Under South Carolina’s 2011 immigration law – struck down by a federal appeals court Tuesday as too harsh in attempting to make immigrants have to show documentation all the time – Diaz is less than a hard-working man in America.
He is one of “them.”
The appeals court ruling upholds a previous federal court ruling that says South Carolina’s law that would have made anybody who is undocumented in a house or on a job site a felon. That person’s mere presence in the state of South Carolina would be a felony, according to the appeals court ruling that shot down South Carolina’s law as illegal.
The failure to carry a card stating immigration status would have been a misdemeanor.
Diaz is a trusted, loyal foreman for TK Cleaning & Lawn Service, owned by Troy Kelley. Kelley employs many immigrants, including Juan Quesada, a Mexican who has been in America for 28 years.
Quesada, 48, speaks English well. His body and hands show a lifetime of work.
He is puzzled by a question about whether he loves America after almost three decades here.
“Of course,” he said. “I live here.”
Kelley, the business owner, returns that loyalty to his workers.
“These immigration laws that target immigrants, it makes you wonder why people who don’t like immigrants are irate,” Kelley said. “Nobody targeted the immigrants from Europe or anywhere else before now. It’s the Hispanics, the Mexicans.
“These stupid laws are no different than laws that targeted blacks or anybody else years ago, and we have to stop trying to make them less than human.”

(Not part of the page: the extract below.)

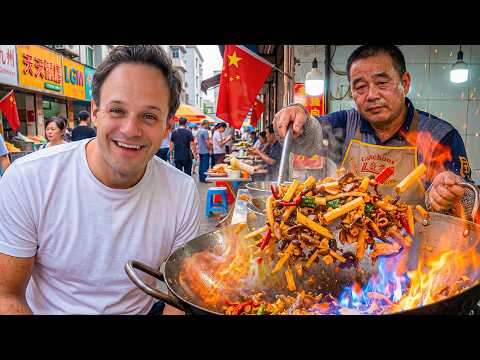 Chinese Street Food Heaven!! 14 Hour Chinese Food Tour in Guizhou, China! thumbnail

The state law, now dead although the state can appeal, would have made any movement or harboring of illegals, even suspected illegals, a felony. They guy who drives a truck filled with workers would have been hauled off to jail.
The teacher who taught them English might have been arrested, too.
Immigrants, Kelley said, are a “vital part of the economy.”
“They ask for a chance to work and raise families,” he said. “We should be thankful that these people are here.”
Yet the Legislature passed a law, now shown to be illegal, that would make almost any contact with someone potentially in the country illegally – known only by brown skin, apparently, and maybe a Hispanic accent – a crime.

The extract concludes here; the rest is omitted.